The World Health Organization's (WHO) emergency committee is meeting on Thursday to discuss if Covid-19 is still a global health emergency.
The panel's 15th meeting on the crisis comes more than three years after it first sounded the WHO's highest emergency alarm as what was then called the novel coronavirus began spreading outside China.
The independent committee meets every three months to discuss the pandemic and reports to WHO Chief Tedros Adhanom Ghebreyesus, who then decides whether it remains an international emergency.
The emergency committee meeting to be chaired by French doctor Didier Houssin was scheduled to begin at noon (1000 GMT) and was due to last all afternoon, although it could take days before the outcome is published.
It remains unclear which way the experts will lean, but there have recently been some indications that the United Nations' health agency is open to declaring an end to the emergency.
On Wednesday, the WHO published a new strategy for fighting Covid-19 over the next two years in which Tedros said the aim was to support countries as they transition from an emergency response to longer-term sustained COVID-19 disease prevention, control and management.
And last week, the WHO said Covid-19 deaths had dropped by 95 percent since the start of the year, although it warned the virus was still on the move.
The positive trend may meanwhile not be enough to spur the emergency committee to advise stripping the Covid crisis of its status as a so-called public health emergency of international concern (PHEIC) -- the WHO's highest level of alert.

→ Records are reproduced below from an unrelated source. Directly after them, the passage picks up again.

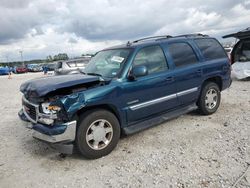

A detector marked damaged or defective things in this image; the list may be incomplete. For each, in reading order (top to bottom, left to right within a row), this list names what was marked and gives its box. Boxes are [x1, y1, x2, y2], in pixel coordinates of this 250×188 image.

crumpled hood [20, 73, 99, 97]
damaged front end [18, 74, 106, 153] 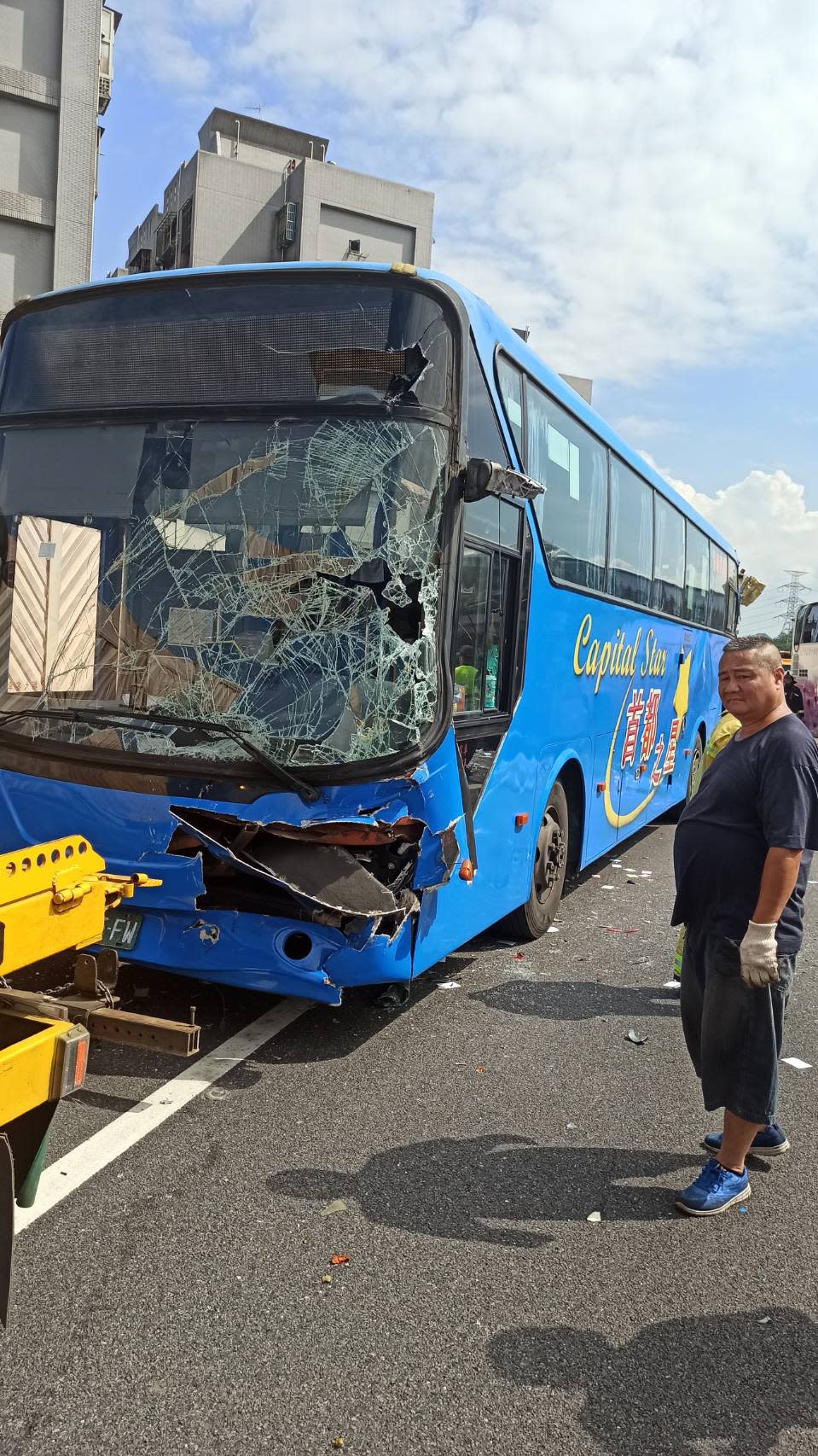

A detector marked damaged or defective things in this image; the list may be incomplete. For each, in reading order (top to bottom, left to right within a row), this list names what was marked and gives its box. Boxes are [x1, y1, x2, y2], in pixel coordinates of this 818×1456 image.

shattered windshield [0, 415, 447, 768]
broken headlight area [166, 806, 425, 942]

The Covid numbers have been falling for a while, but when the committee last met in January, it concluded the PHEIC tag was still merited.

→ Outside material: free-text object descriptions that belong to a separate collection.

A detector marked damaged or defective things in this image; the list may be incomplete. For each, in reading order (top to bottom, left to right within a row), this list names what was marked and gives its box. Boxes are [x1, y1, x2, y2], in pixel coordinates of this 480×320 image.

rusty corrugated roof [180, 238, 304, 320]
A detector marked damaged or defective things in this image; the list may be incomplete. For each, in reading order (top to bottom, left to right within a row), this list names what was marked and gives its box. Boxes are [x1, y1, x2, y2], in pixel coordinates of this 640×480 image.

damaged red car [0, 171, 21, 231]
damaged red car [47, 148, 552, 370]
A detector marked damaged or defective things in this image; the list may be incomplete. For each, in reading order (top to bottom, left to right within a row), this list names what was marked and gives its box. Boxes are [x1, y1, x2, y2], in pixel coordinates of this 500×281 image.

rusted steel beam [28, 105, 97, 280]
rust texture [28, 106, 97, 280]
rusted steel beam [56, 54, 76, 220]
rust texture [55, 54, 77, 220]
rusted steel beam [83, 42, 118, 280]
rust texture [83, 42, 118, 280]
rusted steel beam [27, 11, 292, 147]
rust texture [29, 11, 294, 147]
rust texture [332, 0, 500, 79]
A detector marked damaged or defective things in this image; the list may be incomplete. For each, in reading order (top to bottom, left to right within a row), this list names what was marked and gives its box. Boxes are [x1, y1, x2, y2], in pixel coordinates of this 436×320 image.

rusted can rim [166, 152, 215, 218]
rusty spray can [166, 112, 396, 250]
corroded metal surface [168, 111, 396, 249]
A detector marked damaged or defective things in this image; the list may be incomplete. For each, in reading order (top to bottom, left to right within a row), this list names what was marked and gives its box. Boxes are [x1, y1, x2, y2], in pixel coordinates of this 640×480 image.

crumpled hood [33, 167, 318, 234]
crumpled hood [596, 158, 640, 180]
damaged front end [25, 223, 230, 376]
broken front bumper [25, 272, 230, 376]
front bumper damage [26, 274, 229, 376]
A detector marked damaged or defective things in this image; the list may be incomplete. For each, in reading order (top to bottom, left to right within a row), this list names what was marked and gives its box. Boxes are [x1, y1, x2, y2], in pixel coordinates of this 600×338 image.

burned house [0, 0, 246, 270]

Though declaring a PHEIC is the internationally agreed mechanism for triggering a global response to such outbreaks, it was only after Tedros described the worsening Covid situation as a pandemic on March 11, 2020, that many countries woke up to the danger.
Since the beginning, more than 765 million confirmed cases of Covid-19 have been reported to the WHO from around the world, including nearly seven million deaths.
But the UN health agency always stresses that the true numbers are believed to be far higher.
Meanwhile, more than 13.3 billion vaccine doses have been administered.
In addition to the Covid crisis, two other WHO-declared PHEICs are currently ongoing -- one on poliovirus first declared in May 2014, and the other on mpox previously called monkey pox, declared in July last year.